Stored dataset items:
☆ ☆ ☆ ☆ ☆ ☆ ☆
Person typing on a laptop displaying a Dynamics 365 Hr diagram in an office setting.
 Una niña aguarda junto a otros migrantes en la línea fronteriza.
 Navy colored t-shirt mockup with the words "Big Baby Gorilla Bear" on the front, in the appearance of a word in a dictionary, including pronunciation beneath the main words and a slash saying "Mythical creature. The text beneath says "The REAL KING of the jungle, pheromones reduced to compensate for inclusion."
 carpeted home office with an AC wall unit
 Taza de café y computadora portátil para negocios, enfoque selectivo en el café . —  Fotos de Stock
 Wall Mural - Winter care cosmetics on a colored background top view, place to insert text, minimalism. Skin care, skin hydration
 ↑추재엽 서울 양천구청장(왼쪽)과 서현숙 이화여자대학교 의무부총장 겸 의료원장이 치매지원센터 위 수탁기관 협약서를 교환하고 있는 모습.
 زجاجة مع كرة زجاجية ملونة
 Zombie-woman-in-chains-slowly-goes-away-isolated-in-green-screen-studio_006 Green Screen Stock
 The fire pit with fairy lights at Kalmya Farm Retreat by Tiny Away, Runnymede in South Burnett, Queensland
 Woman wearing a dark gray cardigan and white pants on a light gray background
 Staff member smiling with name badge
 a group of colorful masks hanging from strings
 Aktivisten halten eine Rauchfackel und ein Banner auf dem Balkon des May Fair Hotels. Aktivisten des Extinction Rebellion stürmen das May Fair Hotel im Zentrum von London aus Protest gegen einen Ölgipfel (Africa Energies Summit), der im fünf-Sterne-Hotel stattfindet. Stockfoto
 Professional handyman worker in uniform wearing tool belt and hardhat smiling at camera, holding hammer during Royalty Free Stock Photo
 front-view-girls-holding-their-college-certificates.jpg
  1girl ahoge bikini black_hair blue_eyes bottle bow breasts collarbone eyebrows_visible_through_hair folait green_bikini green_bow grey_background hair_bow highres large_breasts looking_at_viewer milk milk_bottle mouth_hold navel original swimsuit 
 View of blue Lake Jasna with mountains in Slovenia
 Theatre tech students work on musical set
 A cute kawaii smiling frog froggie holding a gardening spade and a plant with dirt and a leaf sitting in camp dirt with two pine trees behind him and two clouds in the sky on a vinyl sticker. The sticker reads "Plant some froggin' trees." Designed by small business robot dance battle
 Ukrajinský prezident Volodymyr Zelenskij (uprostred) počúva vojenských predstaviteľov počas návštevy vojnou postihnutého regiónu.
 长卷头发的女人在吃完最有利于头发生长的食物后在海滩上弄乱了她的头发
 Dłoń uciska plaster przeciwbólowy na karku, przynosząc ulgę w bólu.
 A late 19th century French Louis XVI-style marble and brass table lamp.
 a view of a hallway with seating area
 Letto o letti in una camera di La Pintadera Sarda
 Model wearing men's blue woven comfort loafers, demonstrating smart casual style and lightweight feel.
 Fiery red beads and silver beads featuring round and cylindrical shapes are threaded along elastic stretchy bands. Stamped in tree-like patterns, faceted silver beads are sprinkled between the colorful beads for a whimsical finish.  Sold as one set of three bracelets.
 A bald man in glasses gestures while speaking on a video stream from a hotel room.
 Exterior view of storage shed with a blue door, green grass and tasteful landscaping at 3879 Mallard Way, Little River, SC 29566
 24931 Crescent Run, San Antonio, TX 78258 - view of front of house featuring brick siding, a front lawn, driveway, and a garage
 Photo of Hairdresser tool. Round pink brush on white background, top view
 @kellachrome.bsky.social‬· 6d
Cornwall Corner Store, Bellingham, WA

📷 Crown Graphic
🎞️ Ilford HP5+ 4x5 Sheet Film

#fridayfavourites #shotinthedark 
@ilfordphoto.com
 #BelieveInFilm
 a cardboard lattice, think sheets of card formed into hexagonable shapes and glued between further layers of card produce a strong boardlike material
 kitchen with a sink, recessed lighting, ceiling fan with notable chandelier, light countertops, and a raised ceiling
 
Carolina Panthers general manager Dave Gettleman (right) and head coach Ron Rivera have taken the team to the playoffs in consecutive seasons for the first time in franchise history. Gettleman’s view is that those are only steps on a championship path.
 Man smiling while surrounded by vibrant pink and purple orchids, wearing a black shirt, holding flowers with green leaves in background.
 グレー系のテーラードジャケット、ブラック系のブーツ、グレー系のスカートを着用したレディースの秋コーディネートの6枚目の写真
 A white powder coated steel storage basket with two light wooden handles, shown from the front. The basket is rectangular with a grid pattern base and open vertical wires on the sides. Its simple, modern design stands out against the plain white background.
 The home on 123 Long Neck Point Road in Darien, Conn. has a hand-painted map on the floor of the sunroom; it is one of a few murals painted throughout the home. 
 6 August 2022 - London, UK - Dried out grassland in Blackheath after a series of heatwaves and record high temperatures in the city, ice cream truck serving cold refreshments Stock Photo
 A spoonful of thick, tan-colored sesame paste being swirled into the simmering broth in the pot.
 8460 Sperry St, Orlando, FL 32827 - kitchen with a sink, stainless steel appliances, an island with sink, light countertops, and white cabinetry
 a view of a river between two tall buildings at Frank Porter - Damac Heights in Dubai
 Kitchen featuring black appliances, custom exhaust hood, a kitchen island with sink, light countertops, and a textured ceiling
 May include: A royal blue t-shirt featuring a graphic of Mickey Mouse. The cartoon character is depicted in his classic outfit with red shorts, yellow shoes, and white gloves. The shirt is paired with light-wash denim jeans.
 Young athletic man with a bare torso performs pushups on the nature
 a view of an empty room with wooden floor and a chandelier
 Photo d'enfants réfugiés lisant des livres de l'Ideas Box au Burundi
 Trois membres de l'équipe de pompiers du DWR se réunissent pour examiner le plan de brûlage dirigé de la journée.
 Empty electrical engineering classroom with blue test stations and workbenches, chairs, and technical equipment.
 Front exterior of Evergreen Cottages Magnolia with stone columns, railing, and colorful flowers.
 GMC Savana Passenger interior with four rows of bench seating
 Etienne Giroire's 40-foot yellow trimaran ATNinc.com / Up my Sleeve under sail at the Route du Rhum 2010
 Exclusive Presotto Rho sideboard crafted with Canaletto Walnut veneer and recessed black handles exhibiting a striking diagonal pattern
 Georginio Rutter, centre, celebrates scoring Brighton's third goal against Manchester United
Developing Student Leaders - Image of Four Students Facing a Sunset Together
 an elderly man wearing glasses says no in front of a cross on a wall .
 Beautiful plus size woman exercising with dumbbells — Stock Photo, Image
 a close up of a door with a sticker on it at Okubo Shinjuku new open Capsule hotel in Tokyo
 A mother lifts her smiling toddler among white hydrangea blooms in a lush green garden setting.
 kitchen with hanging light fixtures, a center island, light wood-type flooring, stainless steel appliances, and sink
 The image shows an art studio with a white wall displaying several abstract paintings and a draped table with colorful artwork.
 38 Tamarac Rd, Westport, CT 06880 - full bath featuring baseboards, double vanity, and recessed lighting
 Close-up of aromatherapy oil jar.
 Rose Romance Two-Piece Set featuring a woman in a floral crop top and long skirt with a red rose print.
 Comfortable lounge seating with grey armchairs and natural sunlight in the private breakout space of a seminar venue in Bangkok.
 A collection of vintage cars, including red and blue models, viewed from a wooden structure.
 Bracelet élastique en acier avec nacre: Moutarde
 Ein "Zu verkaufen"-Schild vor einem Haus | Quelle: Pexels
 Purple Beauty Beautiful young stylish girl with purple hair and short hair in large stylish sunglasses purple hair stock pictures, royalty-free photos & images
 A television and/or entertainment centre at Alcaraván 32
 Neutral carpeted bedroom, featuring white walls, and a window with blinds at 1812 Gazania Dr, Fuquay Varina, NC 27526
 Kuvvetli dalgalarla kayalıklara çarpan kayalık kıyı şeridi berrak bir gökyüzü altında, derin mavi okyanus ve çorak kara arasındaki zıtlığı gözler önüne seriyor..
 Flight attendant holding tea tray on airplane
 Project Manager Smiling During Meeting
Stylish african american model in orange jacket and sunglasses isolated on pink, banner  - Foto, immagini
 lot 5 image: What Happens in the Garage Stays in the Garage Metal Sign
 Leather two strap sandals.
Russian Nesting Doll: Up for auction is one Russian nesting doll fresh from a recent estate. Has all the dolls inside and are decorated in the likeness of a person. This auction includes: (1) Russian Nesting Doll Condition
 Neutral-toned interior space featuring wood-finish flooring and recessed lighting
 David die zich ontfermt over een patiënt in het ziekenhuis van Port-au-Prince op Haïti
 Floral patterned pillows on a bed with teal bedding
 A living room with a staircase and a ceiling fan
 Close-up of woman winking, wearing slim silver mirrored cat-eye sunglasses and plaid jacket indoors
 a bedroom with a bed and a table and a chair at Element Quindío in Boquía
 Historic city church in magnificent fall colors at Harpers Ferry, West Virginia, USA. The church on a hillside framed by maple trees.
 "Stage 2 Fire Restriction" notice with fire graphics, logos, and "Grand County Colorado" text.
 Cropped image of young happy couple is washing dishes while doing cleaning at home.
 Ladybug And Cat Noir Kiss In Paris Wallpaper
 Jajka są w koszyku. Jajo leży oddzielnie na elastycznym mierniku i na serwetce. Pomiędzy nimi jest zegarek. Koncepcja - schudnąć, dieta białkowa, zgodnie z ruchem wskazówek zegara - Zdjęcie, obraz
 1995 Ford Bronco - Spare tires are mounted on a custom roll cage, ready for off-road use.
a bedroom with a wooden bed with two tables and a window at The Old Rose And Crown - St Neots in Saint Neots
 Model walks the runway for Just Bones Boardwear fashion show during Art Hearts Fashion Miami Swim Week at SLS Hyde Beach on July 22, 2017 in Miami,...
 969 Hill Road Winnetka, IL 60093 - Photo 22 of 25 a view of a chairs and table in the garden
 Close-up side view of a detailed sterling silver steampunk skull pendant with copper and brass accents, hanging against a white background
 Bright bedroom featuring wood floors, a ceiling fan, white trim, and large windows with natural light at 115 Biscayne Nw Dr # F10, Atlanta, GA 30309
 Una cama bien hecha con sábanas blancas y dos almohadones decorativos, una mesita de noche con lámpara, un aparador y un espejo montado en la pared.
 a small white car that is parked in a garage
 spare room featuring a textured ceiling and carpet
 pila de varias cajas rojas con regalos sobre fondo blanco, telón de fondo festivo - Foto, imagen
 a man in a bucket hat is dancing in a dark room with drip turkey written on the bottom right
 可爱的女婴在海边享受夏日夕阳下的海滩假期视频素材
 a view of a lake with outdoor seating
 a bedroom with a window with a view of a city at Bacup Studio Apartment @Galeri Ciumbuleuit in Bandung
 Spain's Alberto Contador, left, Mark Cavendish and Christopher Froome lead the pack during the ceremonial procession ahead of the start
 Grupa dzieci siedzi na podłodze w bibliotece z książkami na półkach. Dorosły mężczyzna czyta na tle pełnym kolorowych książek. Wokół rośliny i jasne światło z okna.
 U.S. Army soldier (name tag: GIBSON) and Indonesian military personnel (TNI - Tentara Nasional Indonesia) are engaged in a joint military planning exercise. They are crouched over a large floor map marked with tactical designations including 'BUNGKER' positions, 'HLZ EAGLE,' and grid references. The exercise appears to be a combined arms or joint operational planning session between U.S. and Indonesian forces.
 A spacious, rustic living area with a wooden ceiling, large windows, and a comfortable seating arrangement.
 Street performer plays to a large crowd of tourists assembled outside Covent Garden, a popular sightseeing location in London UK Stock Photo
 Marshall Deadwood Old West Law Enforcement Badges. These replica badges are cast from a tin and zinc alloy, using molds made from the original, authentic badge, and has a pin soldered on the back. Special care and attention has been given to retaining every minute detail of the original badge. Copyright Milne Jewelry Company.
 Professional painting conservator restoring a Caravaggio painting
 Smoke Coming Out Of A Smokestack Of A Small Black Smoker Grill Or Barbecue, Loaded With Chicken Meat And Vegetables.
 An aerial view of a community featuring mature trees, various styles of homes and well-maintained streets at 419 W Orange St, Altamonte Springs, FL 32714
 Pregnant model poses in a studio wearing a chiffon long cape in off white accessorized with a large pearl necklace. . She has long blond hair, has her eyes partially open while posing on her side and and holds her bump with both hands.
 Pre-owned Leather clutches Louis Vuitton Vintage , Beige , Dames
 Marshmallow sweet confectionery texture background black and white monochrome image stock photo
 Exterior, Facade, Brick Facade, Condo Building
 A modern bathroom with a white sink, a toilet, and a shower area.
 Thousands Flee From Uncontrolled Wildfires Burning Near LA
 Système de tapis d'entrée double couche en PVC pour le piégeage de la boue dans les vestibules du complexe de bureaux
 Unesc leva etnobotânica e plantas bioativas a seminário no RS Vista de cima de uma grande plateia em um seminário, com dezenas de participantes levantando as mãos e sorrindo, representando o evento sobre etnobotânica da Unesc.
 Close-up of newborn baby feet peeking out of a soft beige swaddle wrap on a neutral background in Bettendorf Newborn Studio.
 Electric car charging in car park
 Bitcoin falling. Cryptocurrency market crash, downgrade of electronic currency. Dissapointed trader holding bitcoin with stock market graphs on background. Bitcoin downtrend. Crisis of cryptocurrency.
☆ ☆ ☆ ☆ ☆ ☆ ☆
Assignment:
Print the lines above from the one with "Navy colored t-shirt" through the one with "Taza de café", both included, exactly as written and nothing more.

Answer box:
 Navy colored t-shirt mockup with the words "Big Baby Gorilla Bear" on the front, in the appearance of a word in a dictionary, including pronunciation beneath the main words and a slash saying "Mythical creature. The text beneath says "The REAL KING of the jungle, pheromones reduced to compensate for inclusion."
 carpeted home office with an AC wall unit
 Taza de café y computadora portátil para negocios, enfoque selectivo en el café . —  Fotos de Stock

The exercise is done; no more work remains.